Stirling is the most marginal seat in the country. If just 117 voters change their vote, the Liberals will take it. The seat is held by Ron Edwards who won it in the Hawke ascendancy in 1983. Before that it was held by Ian Viner, a Minister in the Fraser Government. It has frequently swapped sides. Mr Edwards has enjoyed a high profile as Deputy Speaker. His competent ability to control the ruffians of the House shines by comparison with the chair’s usual occupant, Leo McLeay. Stirling is an inner metropolitan seat in the residential and light industrial northern suburbs of Perth. The Liberal candidate is Eoin Cameron, a broadcaster on KY-FM.

The nation’s pivotal seat is Cowan on a 0.9 per cent swing. In theory if the Coalition gets an even swing of 0.9 per cent then it wins government. The seat on the northern metropolitan perimeter is held by Carolyn Jakobsen who was elected in 1984. The Liberal candidate is business consultant Richard Evans.

Canning, on the south-eastern outskirts of Perth has been held by the Government Whip, George Gear, since 1984. He was first elected in Tangey in 1983 until a redistribution rendered it an unwinnable Liberal seat. The Liberal candidate is businesswoman Ricky Johnston.

It is difficult to see Labor holding Stirling, Cowan or Canning if there is even a slight swing to the Liberals. Indeed, these three seats alone show the tightness of Labor’s position. With a swing of under 2 per cent, just in the West, John Hewson will be half way to the Lodge. Add a 1 per cent swing in NSW will finish the job for him, even if every other state stays the same.
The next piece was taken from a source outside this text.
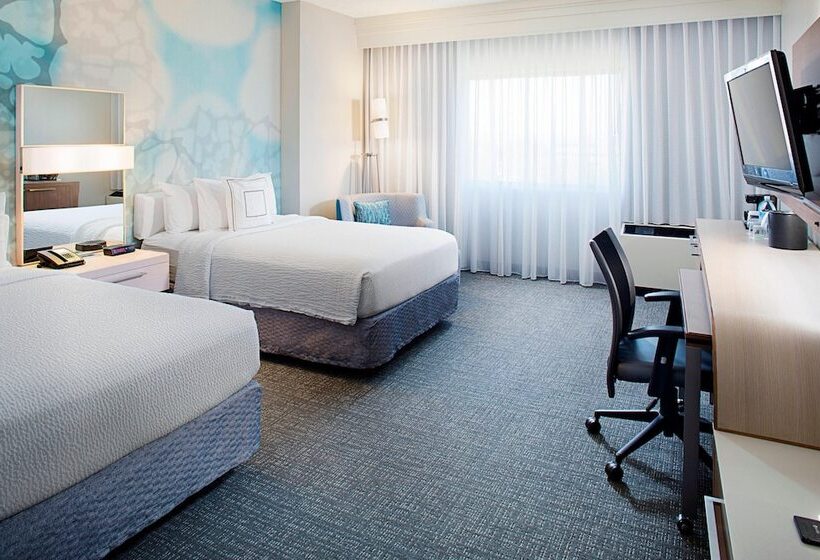 اتاق استاندارد با 2 تخت دوبل, Courtyard Dallas Addison Quorum Drive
The seat of Swan will attract a lot of attention. There, the unslender Minister for Employment, Education and Training, Kim Beazley, holds on by a slender 2.4 per cent. Mr Beazley, a Rhodes scholar, followed his father, Kim, sen, who was Minister for Education in the Whitlam Government. Mr Beazley, jun, was elected 1980. In 1983 he became Minister for Aviation and was Minister for Defence from 1984-1990. He has had a high national profile and is well-respected on both sides of the House for being a fine parliamentarian. His personal following would enable him to hold the seat against a moderate swing to the Coalition. And if the result stays close for the first two hours of counting in the east, maybe the commentators will recycle New Zealand Prime Minister Jim Bolger’s saying: “”The election ain’t over till the fat man sings.” Swan is a metropolitan seat in south and eastern Perth. The Liberal candidate is veterinary surgeon Bryan Hilbert.
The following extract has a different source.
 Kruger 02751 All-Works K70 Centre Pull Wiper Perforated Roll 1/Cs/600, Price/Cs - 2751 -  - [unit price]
Perth and Brand, each requiring a 5.2 per cent swing, are harder targets for the Coalition, though Labor’s task in Perth has not been helped by the retirement of the highly respected Olympic hockey medallist and medical practitioner Ric Charlesworth who had held the seat since 1983.

Brand, which spreads into the rural area south of Perth, is held by Wendy Fatin, the Minister Assisting the Prime Minister for the Status of Women for the past three years. Her quiet achievements in the women’s portfolio should make her hard to displace. Her Liberal opponent is farmer Adrian Fawcett, a shire councillor.

Of general help to Labor in the West is the fact that all the anger, fear and loathing caused by WA Inc has been exorcised by the Coalition’s win in the state election earlier this month. On the other hand, in 1990, the electoral distribution favoured Labor significantly. Labor got 47.1 per cent of the vote and the Liberals got 52.9. Yet Labor got eight seats and Liberals six. that is Labor got 57 per cent of the seats with 47 per cent of the vote. That is unlikely to happen again. It is difficult to see Labor coming out of this election unscathed in the West.